>>>
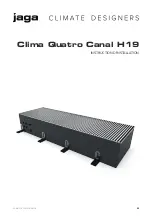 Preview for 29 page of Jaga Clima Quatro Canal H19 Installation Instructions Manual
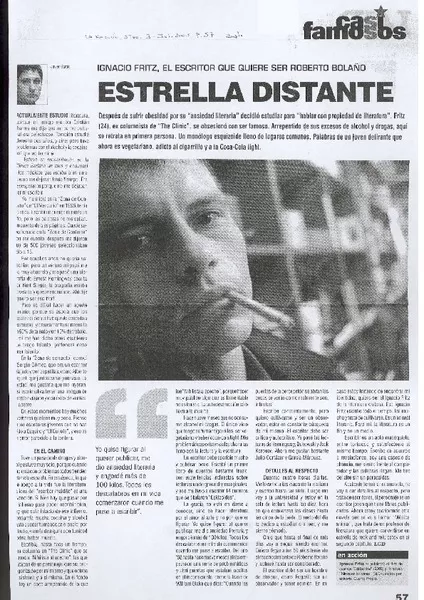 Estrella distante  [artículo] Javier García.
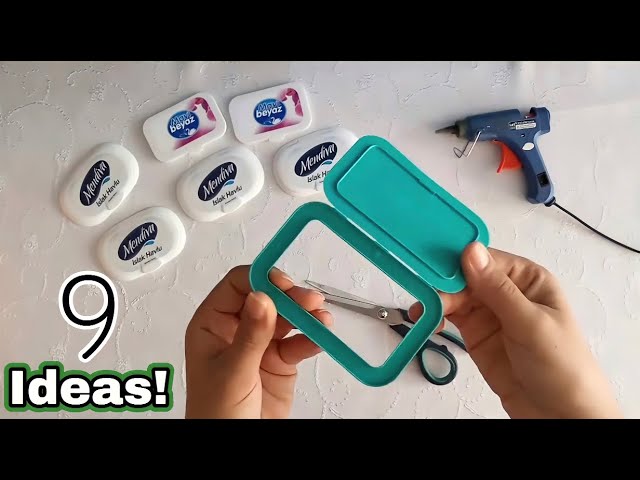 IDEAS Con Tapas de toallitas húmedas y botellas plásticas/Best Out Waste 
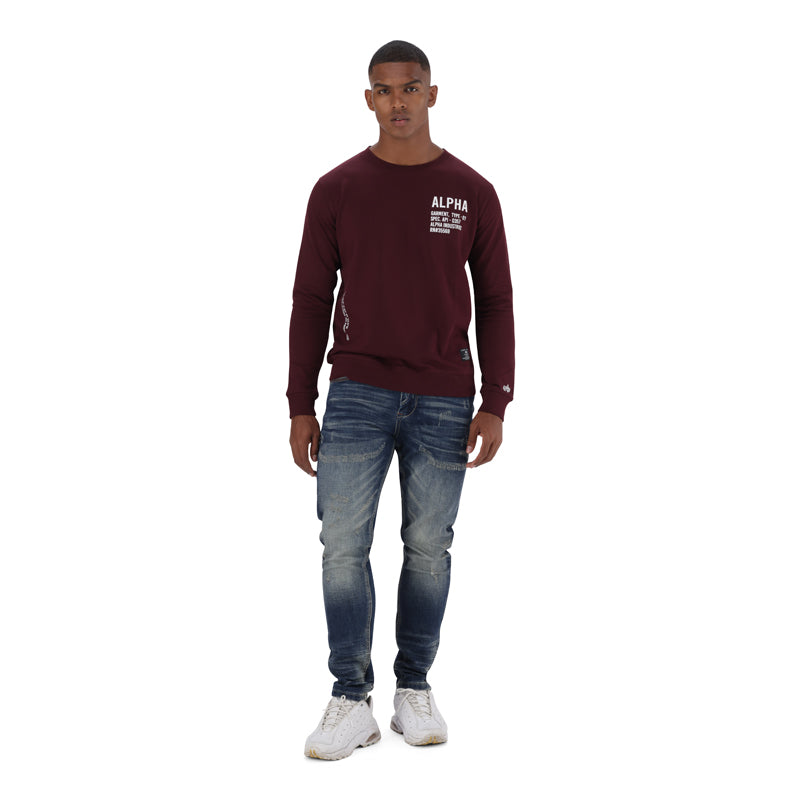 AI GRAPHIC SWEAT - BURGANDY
<<<
### About this exercise
Copy the listing over exactly, skipping the pictures it holds.

### Exercise answer
 Preview for 29 page of Jaga Clima Quatro Canal H19 Installation Instructions Manual
 Estrella distante  [artículo] Javier García.
 IDEAS Con Tapas de toallitas húmedas y botellas plásticas/Best Out Waste 
 AI GRAPHIC SWEAT - BURGANDY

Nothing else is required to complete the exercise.